Amazon, Google and Facebook could be made to pay a “fair” share of tax under new European Union proposals on digital companies that could heighten transatlantic tensions.
The European commission called for large technology companies to pay a 3% tax if they make money from user data or digital advertising in a country, regardless of their bricks-and-mortar presence. As well as social media companies making money through user data, the move would also catch online market places, such as Airbnb and Uber.
Tech giants have been rattled by the proposals, which are a departure from the current system under which companies are taxed on profits where they are headquartered, often in countries offering lower tax rates.
European leaders will discuss the plans at an EU summit on Thursday, opening a fractious debate about how to capture revenue from digital firms.

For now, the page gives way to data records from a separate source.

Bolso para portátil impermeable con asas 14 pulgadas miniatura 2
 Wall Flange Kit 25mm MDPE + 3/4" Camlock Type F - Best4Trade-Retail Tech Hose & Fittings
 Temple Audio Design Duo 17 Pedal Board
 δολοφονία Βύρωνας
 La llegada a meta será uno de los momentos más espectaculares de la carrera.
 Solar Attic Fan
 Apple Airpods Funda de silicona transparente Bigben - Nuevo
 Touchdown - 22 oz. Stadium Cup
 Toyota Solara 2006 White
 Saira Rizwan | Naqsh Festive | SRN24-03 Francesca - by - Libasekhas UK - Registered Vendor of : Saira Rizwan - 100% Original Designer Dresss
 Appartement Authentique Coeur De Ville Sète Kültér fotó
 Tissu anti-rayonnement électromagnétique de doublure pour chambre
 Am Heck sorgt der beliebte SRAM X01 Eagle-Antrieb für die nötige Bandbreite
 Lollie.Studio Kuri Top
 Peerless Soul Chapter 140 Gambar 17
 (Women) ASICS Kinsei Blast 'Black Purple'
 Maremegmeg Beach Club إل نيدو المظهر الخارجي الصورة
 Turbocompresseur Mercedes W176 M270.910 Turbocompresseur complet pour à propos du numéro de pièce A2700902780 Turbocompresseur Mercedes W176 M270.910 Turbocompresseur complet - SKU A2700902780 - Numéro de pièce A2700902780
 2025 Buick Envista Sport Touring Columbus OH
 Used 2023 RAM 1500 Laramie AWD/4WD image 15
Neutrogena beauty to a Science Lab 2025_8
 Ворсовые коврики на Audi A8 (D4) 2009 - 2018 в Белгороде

France has led the charge for a digital tax, sometimes nicknamed the Gafa tax, after Google, Apple, Facebook and Amazon. Smaller countries, such as Ireland, Luxembourg and Estonia, fear unilateral EU action could hand an advantage to the US, Japan, or even Brexit Britain.
The plans have been in the works for months, before regulators called on Facebook to explain a data breach affecting 50m profiles, or a transatlantic dispute about steel tariffs.
Despite the long gestation, the digital tax is likely to raise tensions between Brussels and Donald Trump’s White House. The US Treasury secretary, Steven Mnuchin, told the New York Times that gross taxes on internet companies were “not fair”, on the sidelines of a debate among G20 finance ministers on taxation in Buenos Aires this week.
The commission rejected claims that the plan was targeting US companies. “This is not an anti-American tax, this is not an anti-Gafa tax, this is a digital tax,” said Pierre Moscovici, the European commissioner for tax, who said 150 firms would be affected, including European, American and Asian ones.
Moscovici said he had stressed this point to ministers at this week’s meeting in the Argentine capital, adding that the commission saw the plans as compatible with EU obligations under the World Trade Organization.
The commission believes the tax will generate €5bn for European treasuries each year, but Moscovici suggested this sum would rise over time.
The growing dominance of digital companies is seen as a long-term threat to Europe’s tax base, while also sparking questions of fairness. The commission estimates that digital businesses pay an effective average tax rate of only 9.5%, compared with 23.2% for bricks-and-mortar firms.
The proposals must be agreed unanimously by EU member states before they become law, so details may change.
The commission’s preferred option is reform of EU corporate tax rules that would include new ways to identify companies with a “digital presence”. A company would be deemed to have digital presence in a country if its revenues exceed €7m (£6m), or it has more than 100,000 users, or has signed more than 3,000 business contracts.
Pending this bigger reform, the commission is looking at interim measures, such as the 3% tax on revenues from digital activitieswhich would include selling online advertising space. The measure would only apply to companies with global revenues of €750m and €50m in the EU.
The commission hopes member states will agree the 3% tax by the end of the year, meaning it is likely the UK would have to apply it during a Brexit transition period mooted to end in 2021.
EU officials have said they want to prevent European companies being undercut by their neighbour across the channel after Brexit.